• [What you are asked to do]: Please repeat the listing below exactly, but do not include its pictures.

• [Given data]:
......

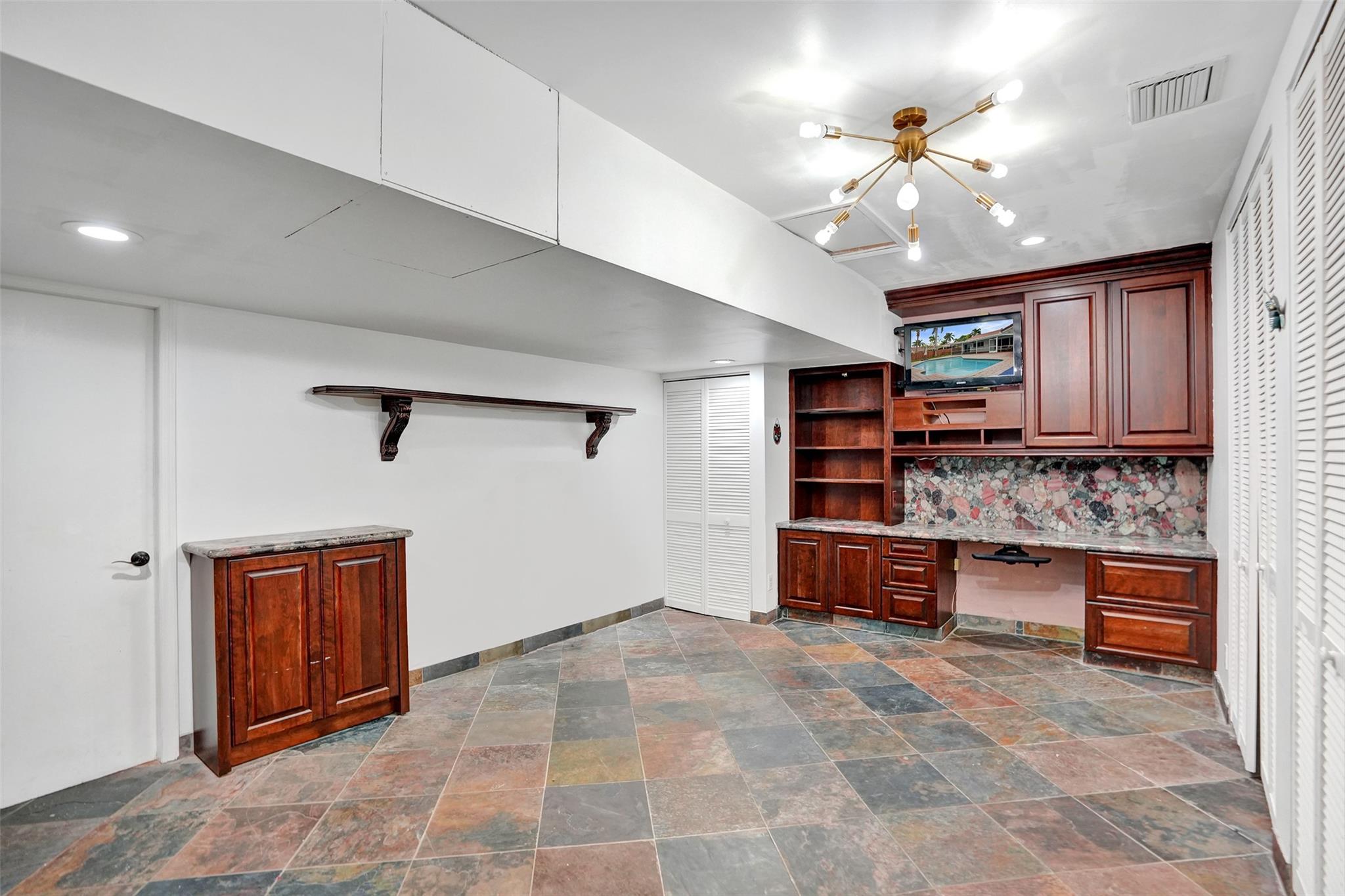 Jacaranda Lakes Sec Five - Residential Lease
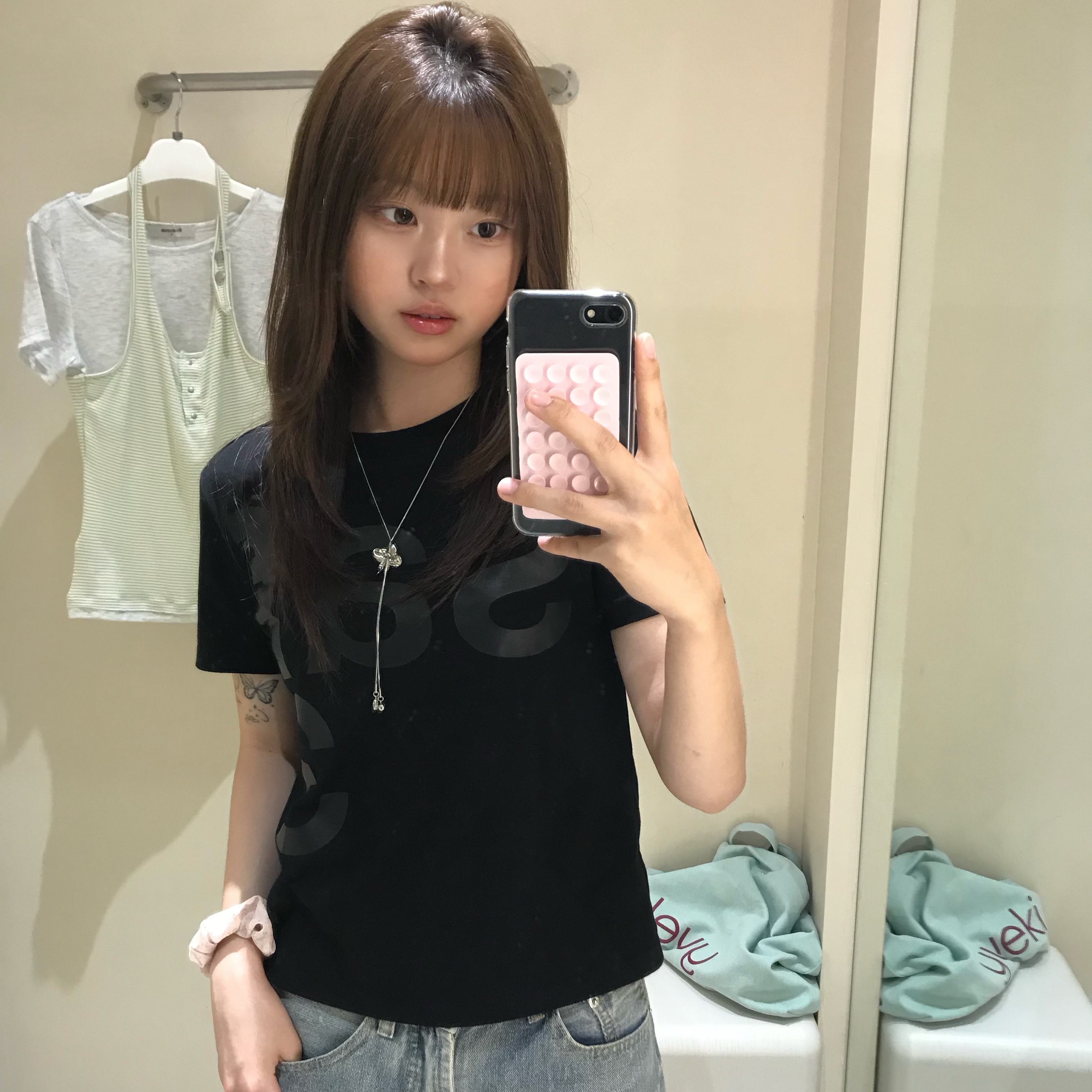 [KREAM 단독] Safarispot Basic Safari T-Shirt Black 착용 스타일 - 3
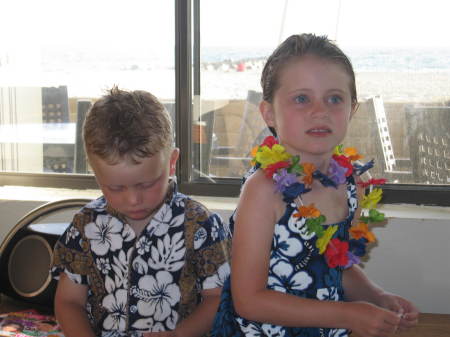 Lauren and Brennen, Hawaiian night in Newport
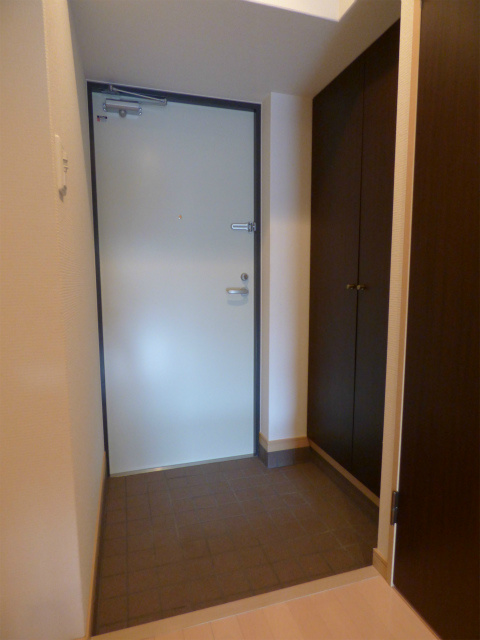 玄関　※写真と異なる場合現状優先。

......

• [Solution for this problem]:
 Jacaranda Lakes Sec Five - Residential Lease
 [KREAM 단독] Safarispot Basic Safari T-Shirt Black 착용 스타일 - 3
 Lauren and Brennen, Hawaiian night in Newport
 玄関　※写真と異なる場合現状優先。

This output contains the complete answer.